Here, focusing on the pressure regulating valve that adjusts the pressure of the reaction gas (hydrogen or air) supplied to the fuel cell among the components of the fuel cell system described above, for example, according to Patent Document 1 below, There is a method of controlling the pressure regulation valve so that the opening degree of the pressure regulation valve does not become a predetermined degree or less when it is detected that the pressure regulation valve is likely to be frozen so that the pressure regulation valve does not freeze at low temperatures.
JP 2004-31288 A

  However, in the conventional fuel cell system described above, when exhaust gas with moisture is introduced into the pressure regulating valve after power generation is started, the flow velocity increases and the pressure decreases, so that the inner surface of the flow channel is frosted. There is a problem that it is easy to occur and slows down the operation of the valve, or worst freezes to fix the valve and make the pressure adjustment impossible.

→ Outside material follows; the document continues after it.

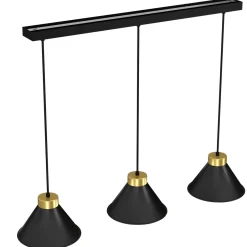 Luminex Hängeleuchte Metall Schwarz Gold 3-flammig E27 RIAN< Hängelampen|Esszimmer Lampen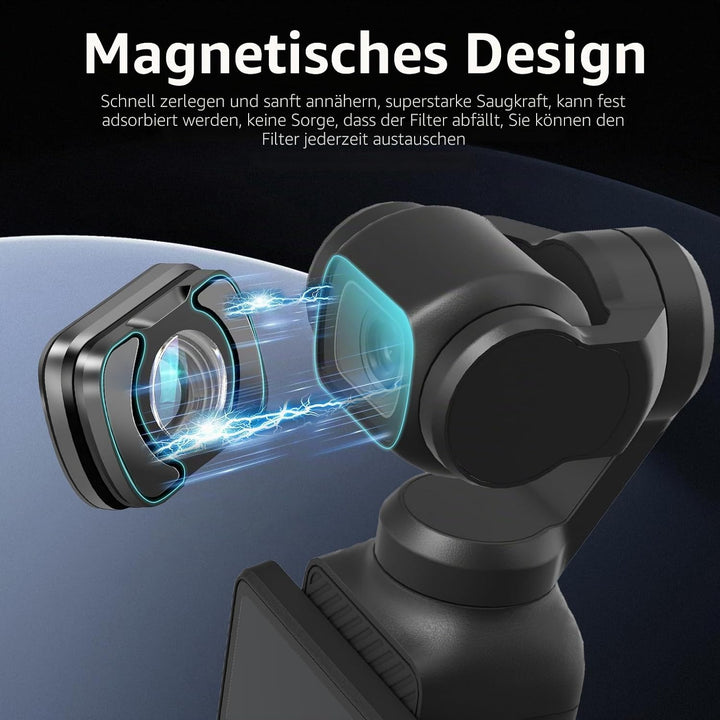 REYGEAK Weitwinkelobjektiv Kompatibel mit Osmo Pocket 3, Magnetische Designlinse für DJI Osmo Pocket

  In addition, since the pressure control valve is controlled so that the opening degree of the pressure regulation valve is not less than a predetermined opening degree, a range of pressure control by the pressure regulation valve is limited, which causes a problem that the operation efficiency of the fuel cell system is reduced.

  SUMMARY OF THE INVENTION Accordingly, an object of the present invention is to prevent a malfunction of a pressure regulating valve at a low temperature while preventing a decrease in operating efficiency as a fuel cell system.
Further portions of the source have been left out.